Interessante pontuar que, além dos requisitos legais, o voto do relator estabeleceu, de modo adicional, parâmetros de “controle de juridicidade do ato de transferência”, estipulando – como dever da Administração – a necessidade de se assegurar, diante do caso concreto, que: (i) o objeto da concessão, sua natureza e características particulares, admite a cessão; (ii) inexiste norma legal a vedar a transferência da concessão ou do controle societário; (iii) inexiste cláusula contratual expressa proibindo tais operações; (iv) o certame licitatório não oferece óbice à cessão; (v) a transferência, seja de que tipo for, não resulta de conluio para a transmissão da posição contratual a um concorrente; e, por fim, (vi) que não há indícios de cartelização.

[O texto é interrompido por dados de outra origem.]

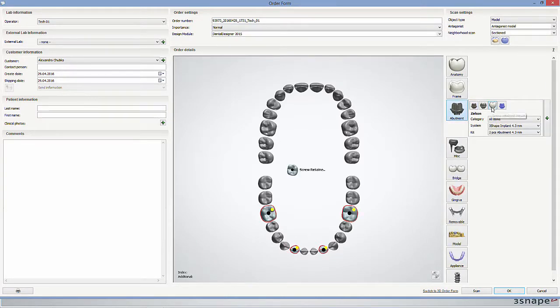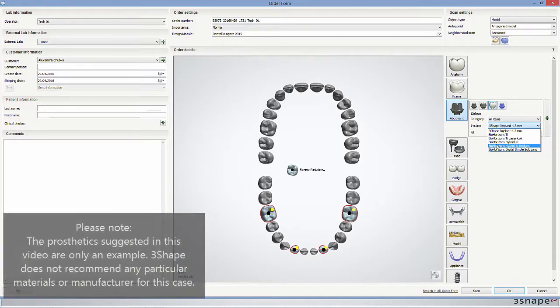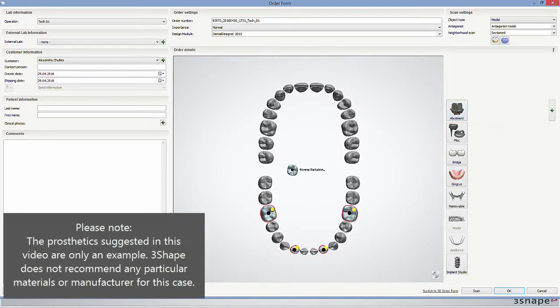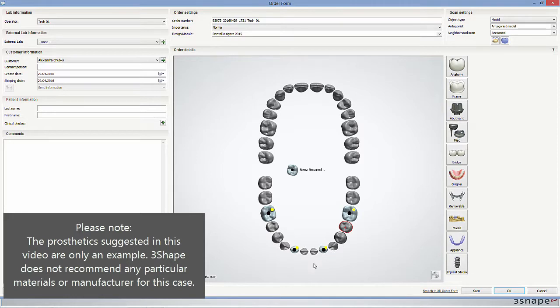Then you add the appropriate prosthetic indications. Please be aware that the prosthetics suggested in this video are only meant as an example and not as a recommendation.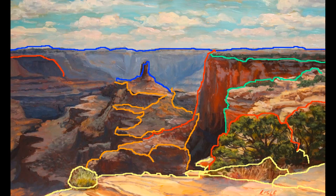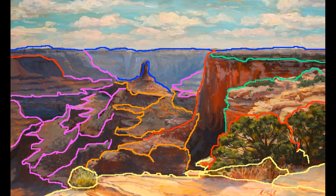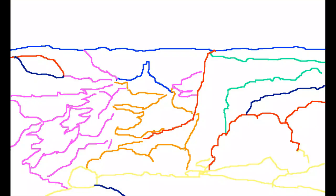I then completed the lines for the cliffs on the right. After that, I drew in all the remaining lines for the lower canyon. I put in just a few more lines which would help me block in all the big shapes with my underpainting.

O julgamento proferido pelo Supremo Tribunal Federal constitui um marco extremamente relevante aos projetos de infraestrutura no País. Isso, porque, além de validar, no campo da jurisprudência, novas formas de compreensão dos contratos administrativos, ainda garante segurança jurídica a uma série de relações negociais já formalizadas, e em formalização, perante o setor das concessões de serviços público, que impacta, diretamente, a vida de todos os brasileiros.